- Dataset excerpt:

▶

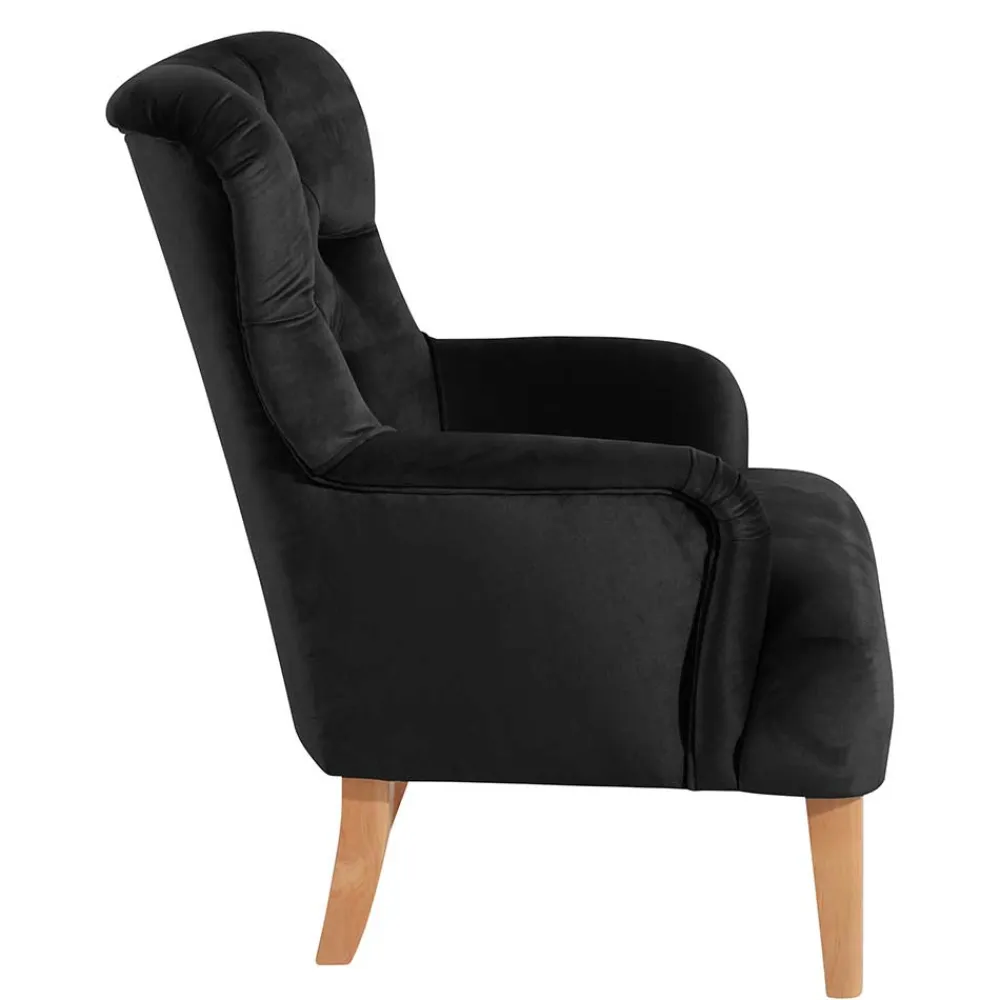 Wohnen Vintage Möbel*Samtvelours Polstersessel in Schwarz - Jimalito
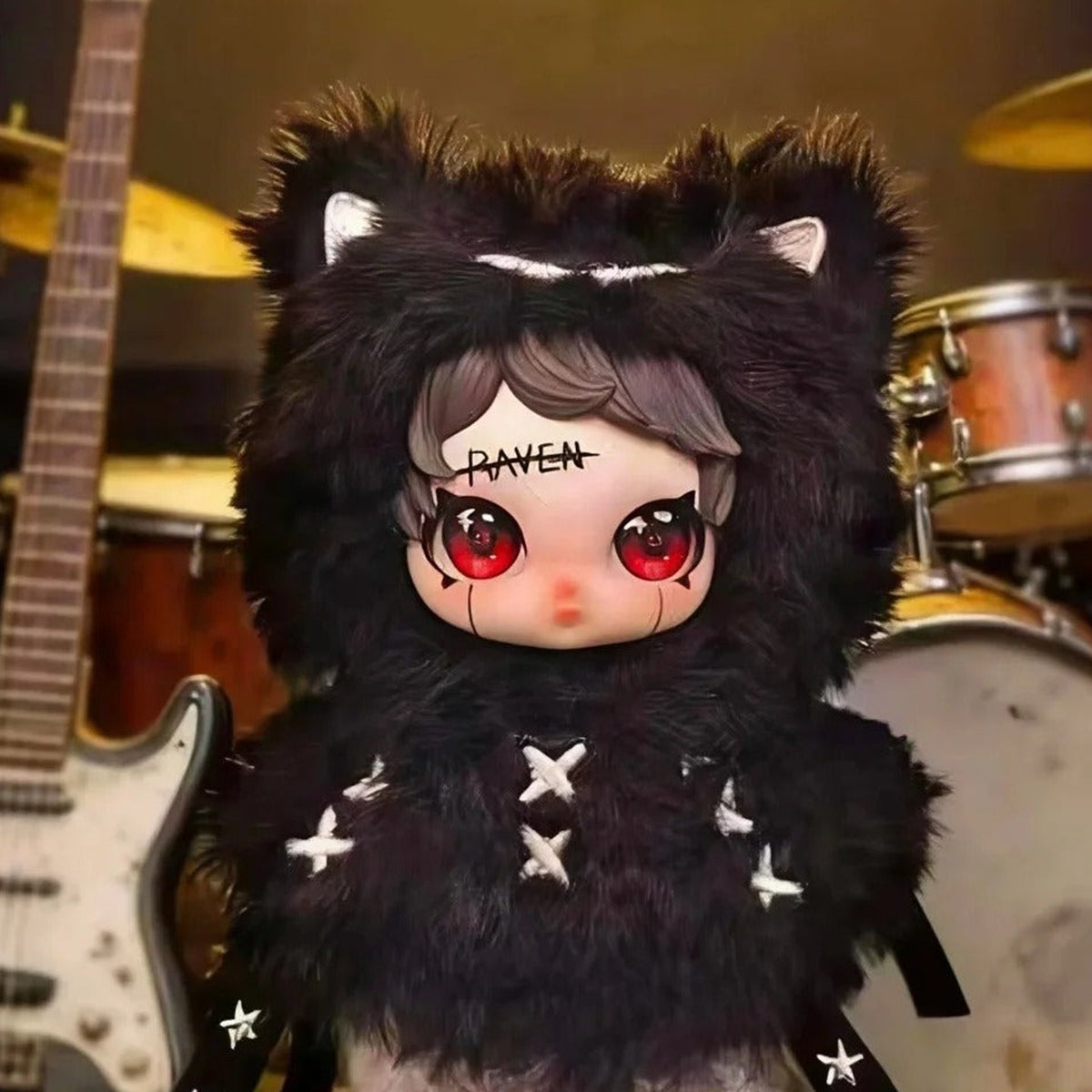 Owen Street Youngster Rock Star Series Plush Blind Box - Black plush design detail; lower body cropped; random design not guaranteed; display props not included
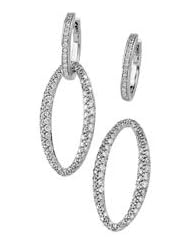 Clevereves 14K White Gold Pair 1 3 4 Ct Tw Diamond Earrings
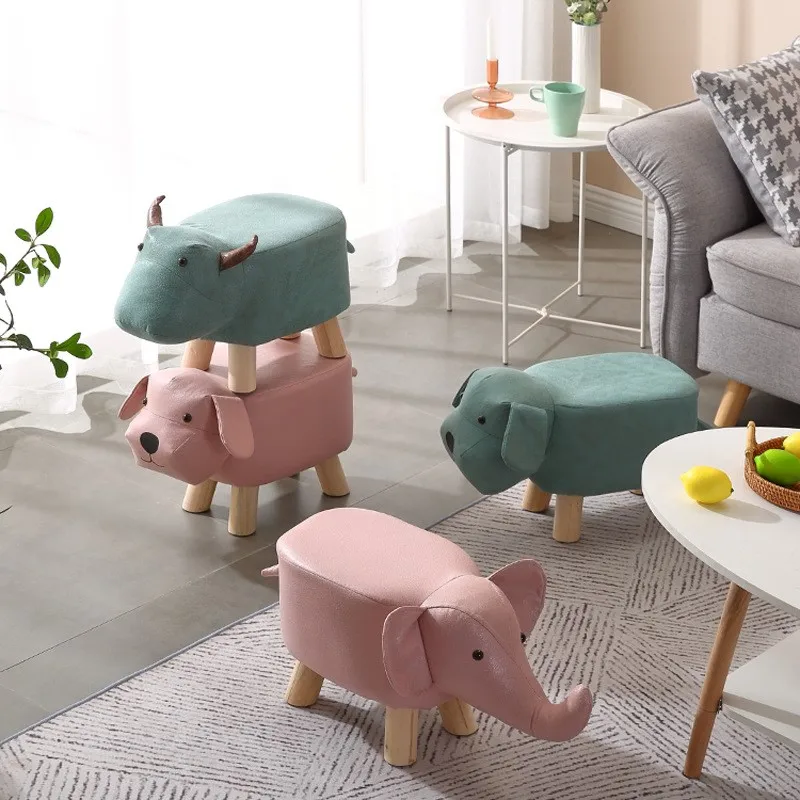 k-star Wooden animal stools living room cute shoe changing stools household low stools fashionable and creative benches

◀

- Your instructions:
The range to set down runs from the line containing "Clevereves 14K White" through the final line of the data, both ends included; give it exactly and drop the pictures.

- Written response:
 Clevereves 14K White Gold Pair 1 3 4 Ct Tw Diamond Earrings
 k-star Wooden animal stools living room cute shoe changing stools household low stools fashionable and creative benches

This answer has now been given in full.